At Starfleet's request, the Enterprise has arrived at Betazed to take on Lem Faal, a distinguished Betazoid scientist, and his two children. Under Faal's direction, this ship will take part in a highly classified experiment that, if it is successful, may open up a vast new frontier for exploration.
"Are you quite sure, Counselor, that you do not wish to visit your family while we are here at Betazed?"
"No, thank you, Captain," Commander Deanna Troi replied. "As it happens, my mother and little brother are off on one of her regular excursions to the Parallax Colony on Shiralea VI, so there's not much point in beaming down."
You didn't have to be an empath to detect an unmistakable look of relief on Captain Jean-Luc Picard's face when he learned that Lwaxana Troi was several dozen light-years away. She knew exactly how he felt; even though she genuinely loved her mother, Troi wasn't too disappointed that there would be no parent-daughter reunion on this particular mission. Surviving a visit with Lwaxana always required a lot of energy -- and patience. Maybe it will get easier someday, she thought. And maybe Klingons will become vegetarians, too.

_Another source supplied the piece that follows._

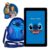 Tablet Positivo Vision Tab 7 Stitch – Processador Octa-core 3gb Ram 64gb Armazenamento, Tela 7 Ips, Bateria 3100mah, Android 14 Go, Wi-fi – Preto – Inclui Capa De Proteção E Capa De Transporte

"That's too bad," Captain Picard said unconvincingly. "Although I'm sure our guest must be anxious to get under way." He glanced toward the far end of the conference room, where a middle-aged Betazoid male waited patiently, reviewing the data on a padd that he held at arm's length from himself. Must be farsighted, Troi guessed, a not uncommon condition in Betazoids of a certain age. Lem Faal had striking, dark brown eyes, a receding hairline, and the slightly distracted air of a born academic. He reminded Troi of any number of professors she had encountered during her student days at the university, although, on closer inspection, she also picked up an impression of infirmity even though she couldn't spot any obvious handicap. Wearing a tan-colored civilian suit, he looked out of place among all the Starfleet uniforms. Almost instinctively, her empathic senses reached out to get a reading on the new arrival, only to immediately come into contact with a telepathic presence far more powerful than her own. Becoming aware of her tentative probing, Faal looked up from his data padd and made eye contact with Troi from across the room.
Hello, he thought to her.
Er, hello, she thought back. Growing up on Betazed, she had become accustomed to dealing with full telepaths, even though she felt a bit rusty at mindspeaking after spending so many years among humans and other nontelepathic races. Welcome to the Enterprise.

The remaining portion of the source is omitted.